Copy out all of the data below exactly, so that no word differs from the original.

═══ INFORMATION GIVEN

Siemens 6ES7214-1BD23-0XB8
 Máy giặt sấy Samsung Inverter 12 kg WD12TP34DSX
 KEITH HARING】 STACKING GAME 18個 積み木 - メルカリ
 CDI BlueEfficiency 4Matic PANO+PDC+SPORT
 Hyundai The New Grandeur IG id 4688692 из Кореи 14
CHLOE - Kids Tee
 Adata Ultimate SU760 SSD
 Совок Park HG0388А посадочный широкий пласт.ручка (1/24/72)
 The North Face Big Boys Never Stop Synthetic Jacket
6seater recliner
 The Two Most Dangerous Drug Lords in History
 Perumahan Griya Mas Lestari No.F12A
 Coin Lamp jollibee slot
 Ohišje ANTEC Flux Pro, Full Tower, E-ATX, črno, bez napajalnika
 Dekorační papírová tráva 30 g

══════

RESULT FOR THIS TASK:
Siemens 6ES7214-1BD23-0XB8
 Máy giặt sấy Samsung Inverter 12 kg WD12TP34DSX
 KEITH HARING】 STACKING GAME 18個 積み木 - メルカリ
 CDI BlueEfficiency 4Matic PANO+PDC+SPORT
 Hyundai The New Grandeur IG id 4688692 из Кореи 14
CHLOE - Kids Tee
 Adata Ultimate SU760 SSD
 Совок Park HG0388А посадочный широкий пласт.ручка (1/24/72)
 The North Face Big Boys Never Stop Synthetic Jacket
6seater recliner
 The Two Most Dangerous Drug Lords in History
 Perumahan Griya Mas Lestari No.F12A
 Coin Lamp jollibee slot
 Ohišje ANTEC Flux Pro, Full Tower, E-ATX, črno, bez napajalnika
 Dekorační papírová tráva 30 g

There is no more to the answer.